*WHAT TO DO*. Repeat the data that follows exactly, starting at the line with "2 Pack - Solar" and ending at the line with "PURPLE Men's Slim-Fit", and leave out every picture.

*DATA SUPPLIED*.
★ ★ ★ ★

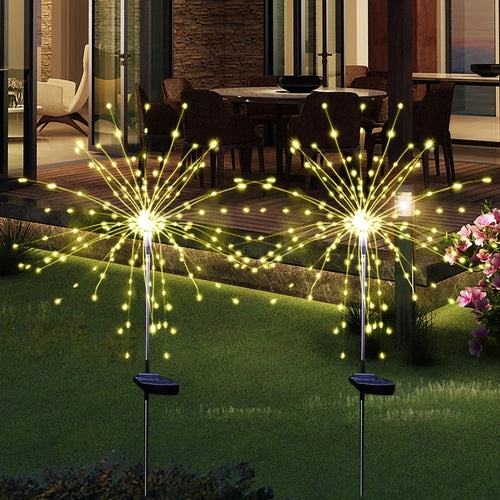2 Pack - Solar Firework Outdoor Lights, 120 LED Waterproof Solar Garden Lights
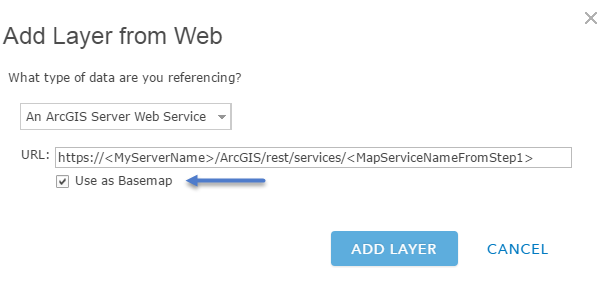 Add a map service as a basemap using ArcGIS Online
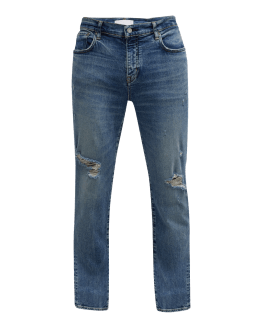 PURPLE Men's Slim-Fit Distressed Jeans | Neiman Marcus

★ ★ ★ ★

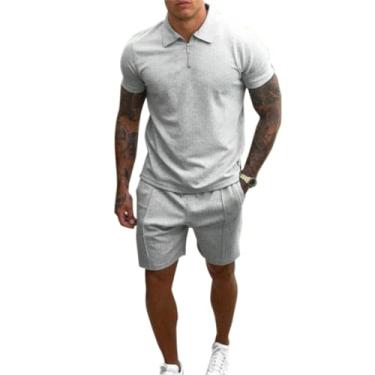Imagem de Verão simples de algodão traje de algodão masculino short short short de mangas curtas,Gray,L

★ ★ ★ ★

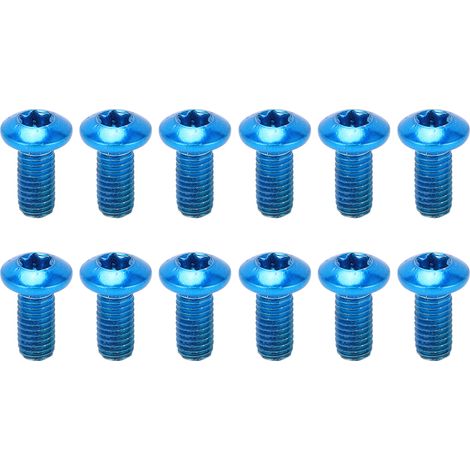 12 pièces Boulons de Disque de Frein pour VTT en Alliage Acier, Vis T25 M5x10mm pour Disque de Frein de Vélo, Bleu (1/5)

★ ★ ★ ★

*TASK SOLUTION*.
2 Pack - Solar Firework Outdoor Lights, 120 LED Waterproof Solar Garden Lights
 Add a map service as a basemap using ArcGIS Online
 PURPLE Men's Slim-Fit Distressed Jeans | Neiman Marcus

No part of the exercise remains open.